Yüce Allah (c.c.) mealen;
-”‘Şüphesiz Allah iyilik yapanlarla ve muttaki olanlarla bereberdir.’buyurmaktadır.’

“Tarikat edepten ibarettir. Burada bir tarikatin bir silsilesinin mürşidleri anlatılıyor. Lütfen başka silsilelerden şeyhlerin mürşidlerin adlarını kullanarak yorum yazmayın. Konu özeldir dağılmamalıdır.”

ŞEYH MUHAMMED EL-HAZNEVİ (K.S.)

Evliyanın büyüklerinden, insanları Hakka davet eden, onlara doğru yolu gösterip, hakiki saadete kavuşturan ve kendilerine “silsile-i âliyye” denilen büyük âlim ve velilerin “kırkıncısıdır.” Haznevi murşidleri’nin dördüncüsüdür;

Şah-i Hazne lakabiyle dünyaya ün salan, Ahmed El-Haznevi (r.a.), torunu olan Muhammed El-Haznevi hazretleri (r.a.) İzzeddin  El-Haznevi (k.s.) nin büyük oğlu olup,  Gözde halifelerindendir.

Suriye toprakları içerisinde kalan Kamışlı ilçesine bağlı Telm’aruf köyünde 1948  yılında doğmuştur. Umre ziyaretini eda edip Mekke’den Mediye dönerken, Medine’ye 100 – 120 kilometre kala 22 Ekim 2005 tarihinde Cumartesi günü saat 11-30 da kaza geçirdi ve orada vefat etti.
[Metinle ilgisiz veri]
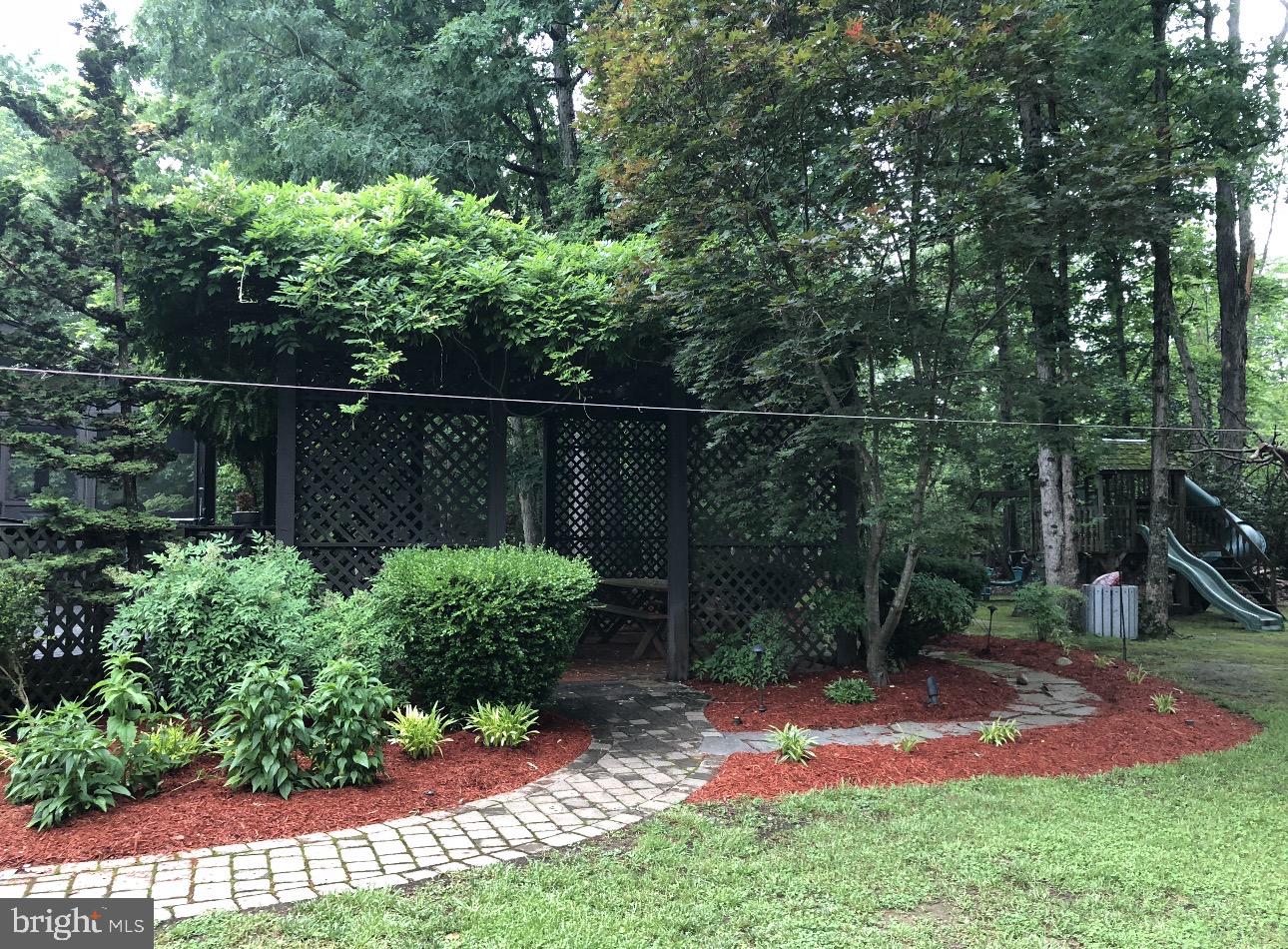 11460 La Plata Road La Plata, MD 20646 - Photo 42 of 51 a backyard of a house with lots of green space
Telmaruf köyünde defn edildi.

Şeyh Muhammed (k.s.); Şeyh İ zzeddin (k.s.) hazretlerinin en gözde talebesi, en mükemmel takipçisi, onun gözünün nuru gibi koruyup, adeta bir gül gibi yetiştirdiği, tüm müslümanlara ve insanlık ailesine faydalı olması için elinden gelen tüm himmeti üzerinde kullandığı, en güzel ahlaki, imani ve irfani değerlerle süslediği bulunmaz, mümtaz, eşine az rastlanır kamil-i mükemmil bir mürşid-i ekmel bir şahsiyetti .

Şeyh İzzeddin Hazretleri(k.s.) vefatlarından önce pek çok kereler değişik vesilelerle Şeyh Muhammed (k.s.)’dan övgü ile bahsetmiş ve onun hem kamil bir iman sahibi, muhabbetullah ile dopdolu arif bir zat olduğunu belirtmiş ve hem de insanları idare ve irşad etmede tam ve mükemmel bir hal üzere olduğunu dile getirmişti.
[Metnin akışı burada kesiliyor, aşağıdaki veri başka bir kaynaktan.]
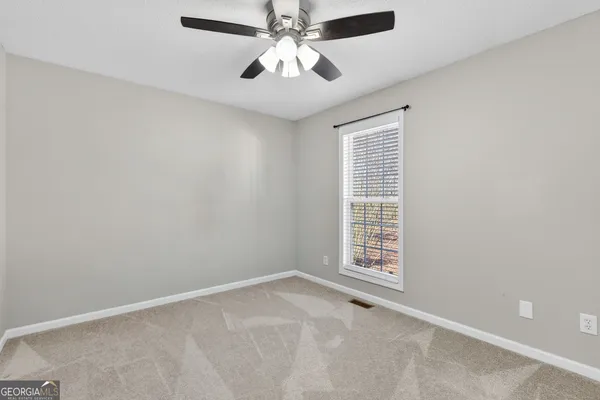 a view of an empty room with window and chandelier fan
Bu durum sadece Şeyh İ zzeddin Hazretleri ile sınırlı değildir. Bundan yaklaşık elli yıl öncesinden Şeyh Ahmed (k.s.) Hazretleri daha çok küçük bir yaşta olmasına rağmen onu övmüş, ondaki yeteneklere, üstün değer ve özelliklere dikkat çekmiş ve ‘

-”Bu zat bizim şanımızı yükseltecektir.’ buyurarak konumunun önemine dikkat çekmişlerdir.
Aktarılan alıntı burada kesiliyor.